** Opening Data block **

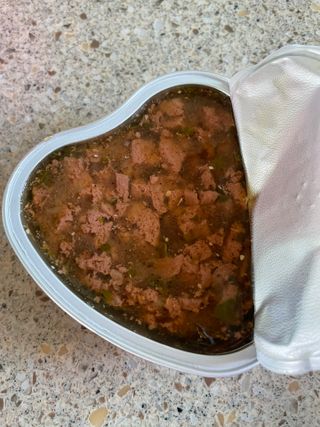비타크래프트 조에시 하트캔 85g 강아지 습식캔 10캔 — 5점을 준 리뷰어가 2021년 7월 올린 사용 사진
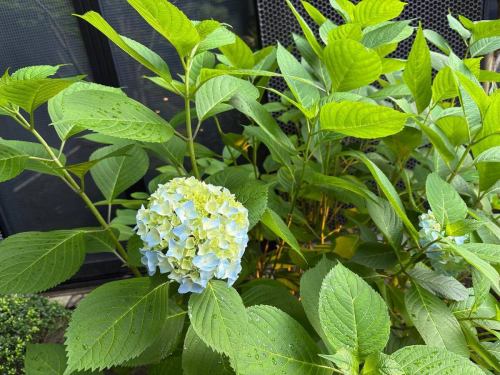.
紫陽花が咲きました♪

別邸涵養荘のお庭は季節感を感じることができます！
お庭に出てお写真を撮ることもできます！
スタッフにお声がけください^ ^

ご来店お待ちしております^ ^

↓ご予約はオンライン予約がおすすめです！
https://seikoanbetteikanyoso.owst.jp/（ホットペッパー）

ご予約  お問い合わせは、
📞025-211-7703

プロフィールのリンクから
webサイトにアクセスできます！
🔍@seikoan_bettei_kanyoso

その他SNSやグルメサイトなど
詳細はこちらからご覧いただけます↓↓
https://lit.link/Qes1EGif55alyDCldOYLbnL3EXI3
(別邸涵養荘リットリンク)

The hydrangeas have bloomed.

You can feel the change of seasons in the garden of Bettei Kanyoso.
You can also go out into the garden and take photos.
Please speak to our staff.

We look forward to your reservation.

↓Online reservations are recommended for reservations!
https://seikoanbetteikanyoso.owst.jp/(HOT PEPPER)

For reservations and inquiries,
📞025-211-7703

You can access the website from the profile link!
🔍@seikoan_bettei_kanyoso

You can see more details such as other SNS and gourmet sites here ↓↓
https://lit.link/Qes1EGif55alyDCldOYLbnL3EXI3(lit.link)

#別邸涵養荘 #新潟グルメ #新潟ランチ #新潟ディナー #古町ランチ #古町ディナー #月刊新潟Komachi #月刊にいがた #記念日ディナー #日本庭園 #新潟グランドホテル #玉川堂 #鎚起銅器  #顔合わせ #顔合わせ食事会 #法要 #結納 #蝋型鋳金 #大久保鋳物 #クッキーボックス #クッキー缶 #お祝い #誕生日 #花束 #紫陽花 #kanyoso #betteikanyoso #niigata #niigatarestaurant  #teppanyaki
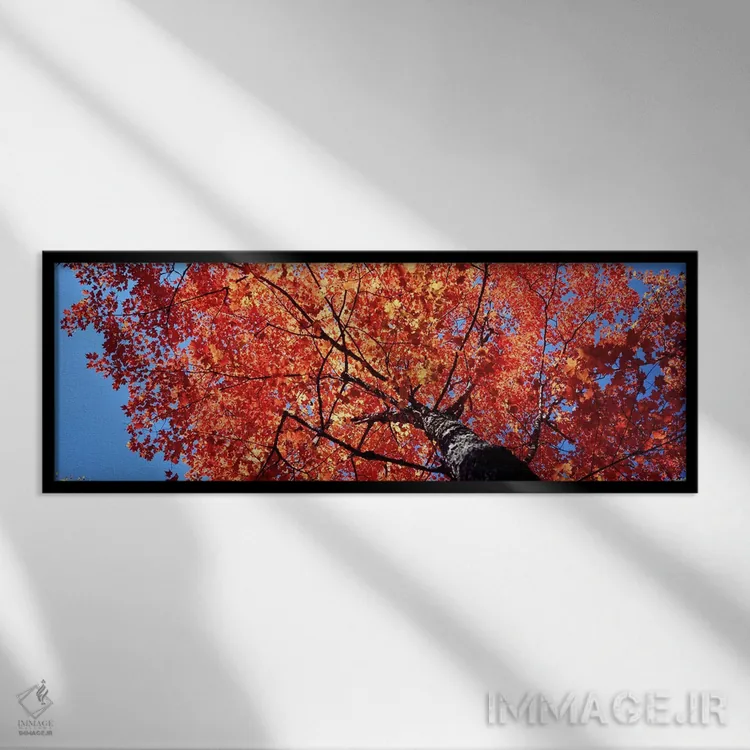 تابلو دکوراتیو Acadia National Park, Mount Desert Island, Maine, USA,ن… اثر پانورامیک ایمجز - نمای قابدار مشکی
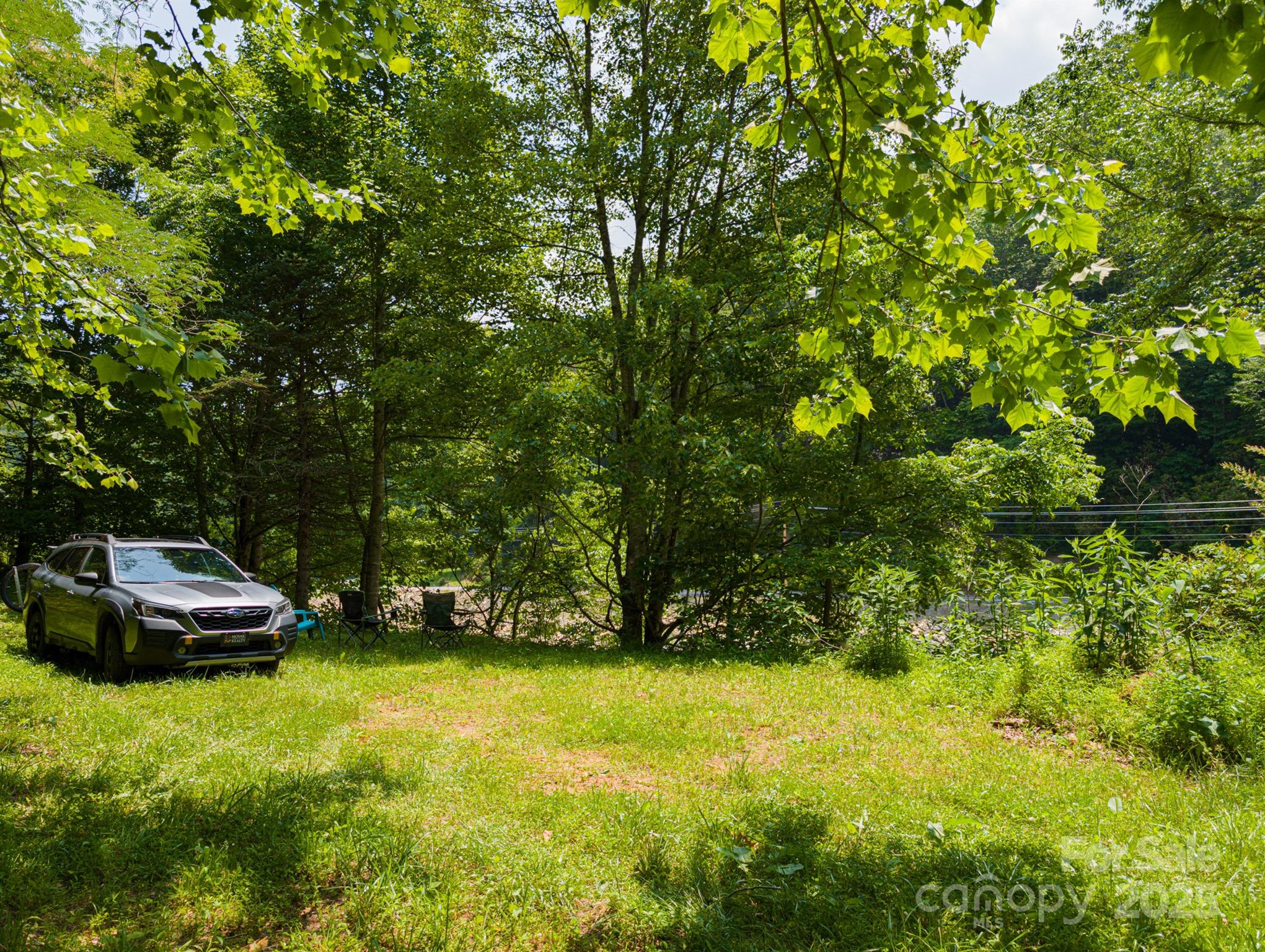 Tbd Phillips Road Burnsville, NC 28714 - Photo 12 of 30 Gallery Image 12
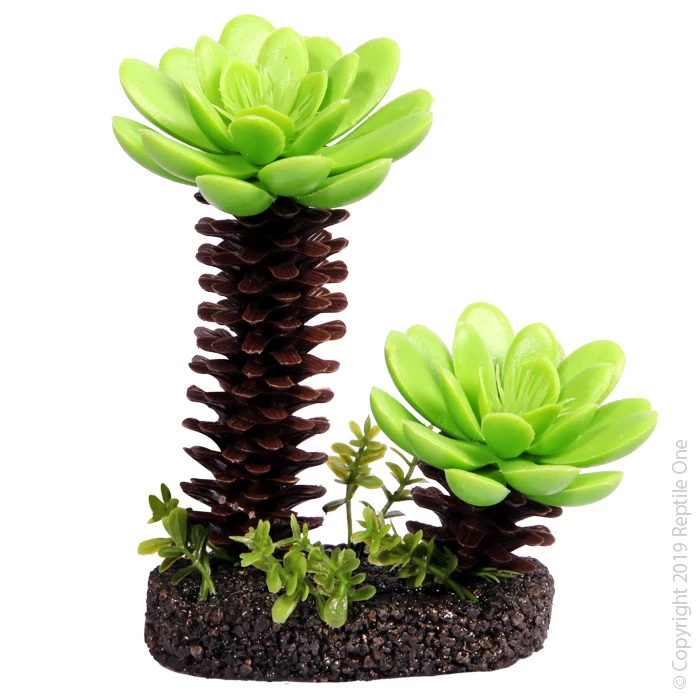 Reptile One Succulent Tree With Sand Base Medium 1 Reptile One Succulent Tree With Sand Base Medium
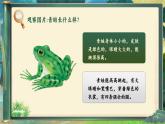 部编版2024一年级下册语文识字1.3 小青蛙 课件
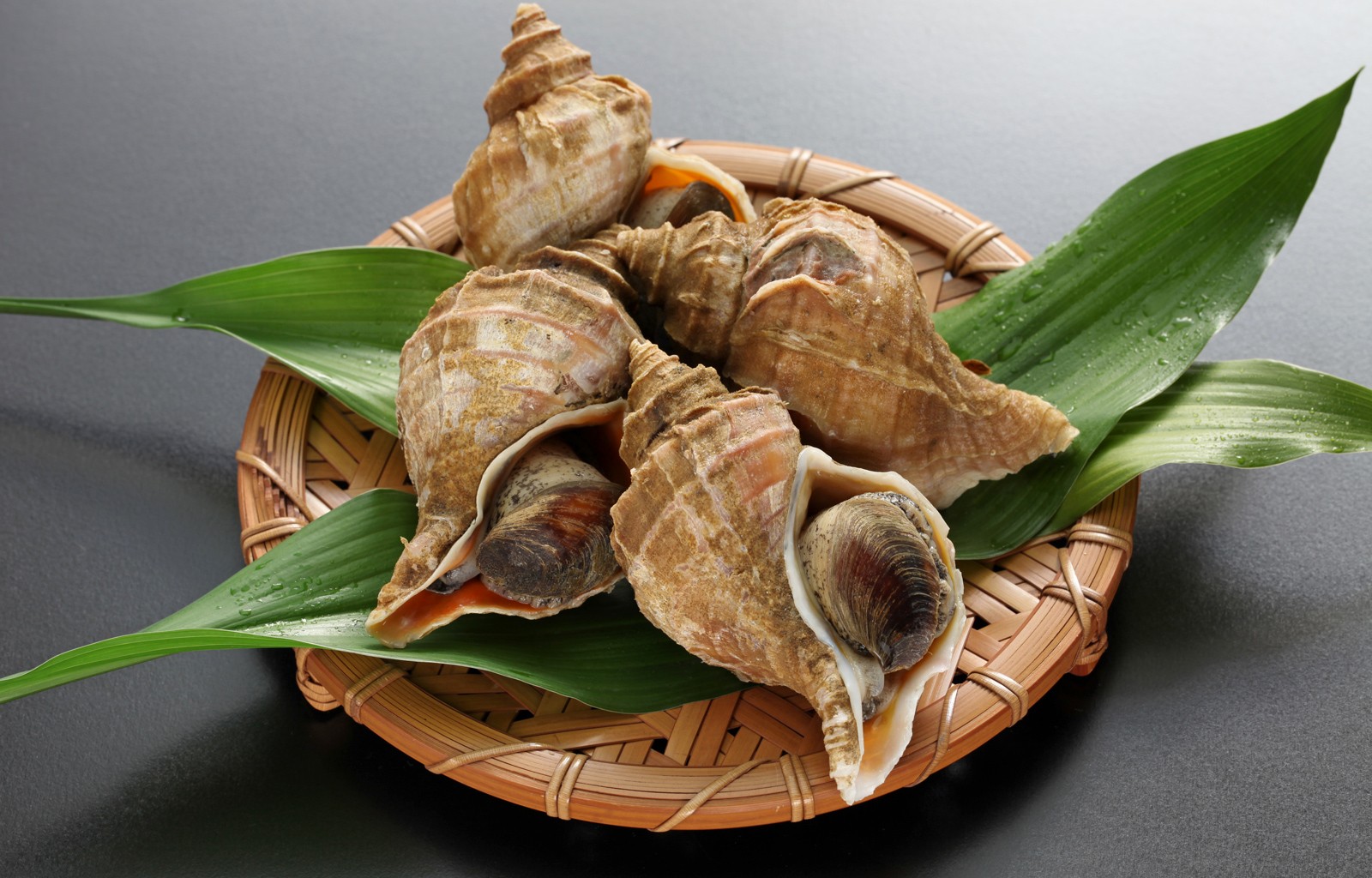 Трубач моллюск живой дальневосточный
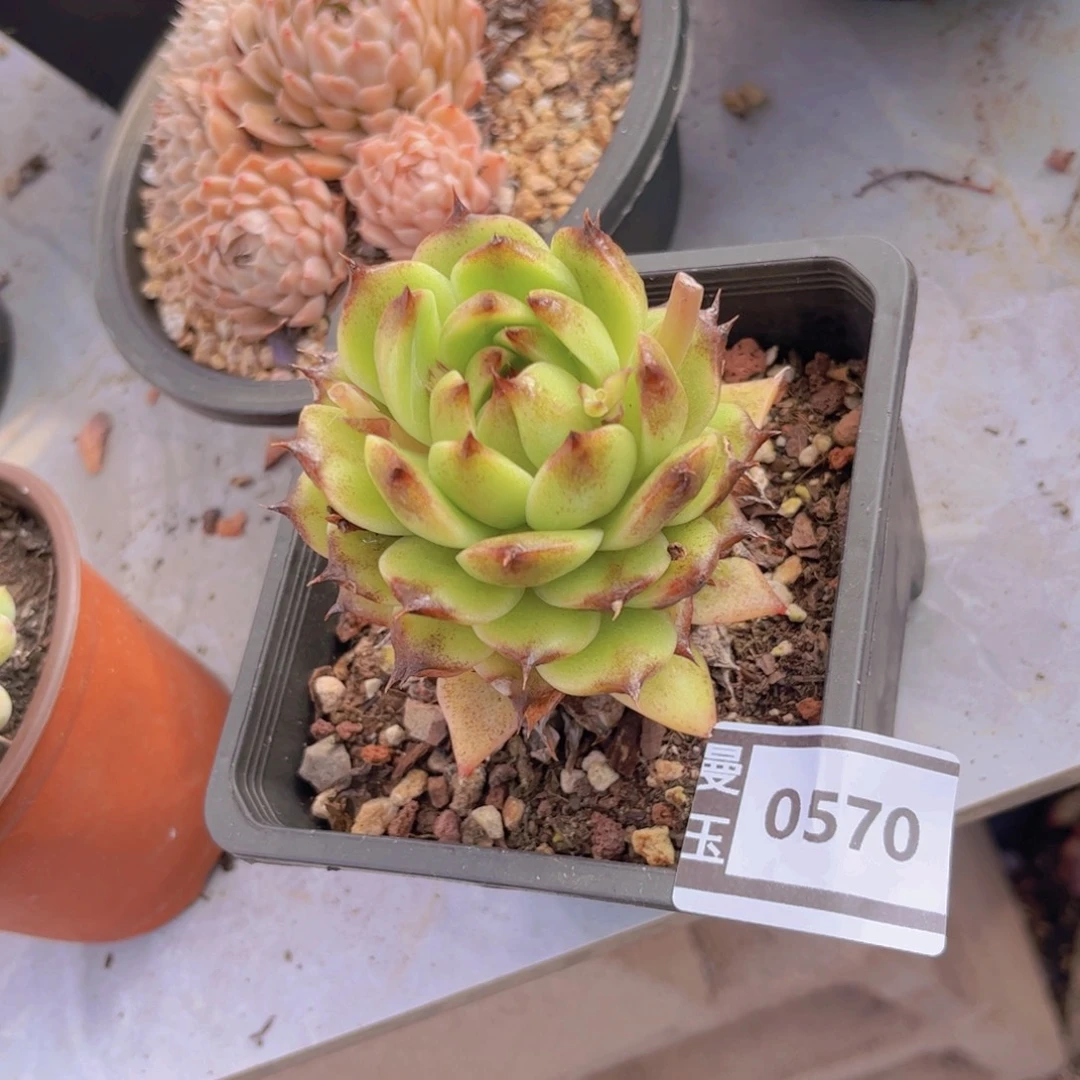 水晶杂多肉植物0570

** Closing Data block **

* Task to complete
Copy out exactly, with no pictures, the lines of the data from the first one through the line bearing "https://lit.link/Qes1EGif55alyDCldOYLbnL3EXI3(lit.link)".

* Task result
비타크래프트 조에시 하트캔 85g 강아지 습식캔 10캔 — 5점을 준 리뷰어가 2021년 7월 올린 사용 사진
.
紫陽花が咲きました♪

別邸涵養荘のお庭は季節感を感じることができます！
お庭に出てお写真を撮ることもできます！
スタッフにお声がけください^ ^

ご来店お待ちしております^ ^

↓ご予約はオンライン予約がおすすめです！
https://seikoanbetteikanyoso.owst.jp/（ホットペッパー）

ご予約  お問い合わせは、
📞025-211-7703

プロフィールのリンクから
webサイトにアクセスできます！
🔍@seikoan_bettei_kanyoso

その他SNSやグルメサイトなど
詳細はこちらからご覧いただけます↓↓
https://lit.link/Qes1EGif55alyDCldOYLbnL3EXI3
(別邸涵養荘リットリンク)

The hydrangeas have bloomed.

You can feel the change of seasons in the garden of Bettei Kanyoso.
You can also go out into the garden and take photos.
Please speak to our staff.

We look forward to your reservation.

↓Online reservations are recommended for reservations!
https://seikoanbetteikanyoso.owst.jp/(HOT PEPPER)

For reservations and inquiries,
📞025-211-7703

You can access the website from the profile link!
🔍@seikoan_bettei_kanyoso

You can see more details such as other SNS and gourmet sites here ↓↓
https://lit.link/Qes1EGif55alyDCldOYLbnL3EXI3(lit.link)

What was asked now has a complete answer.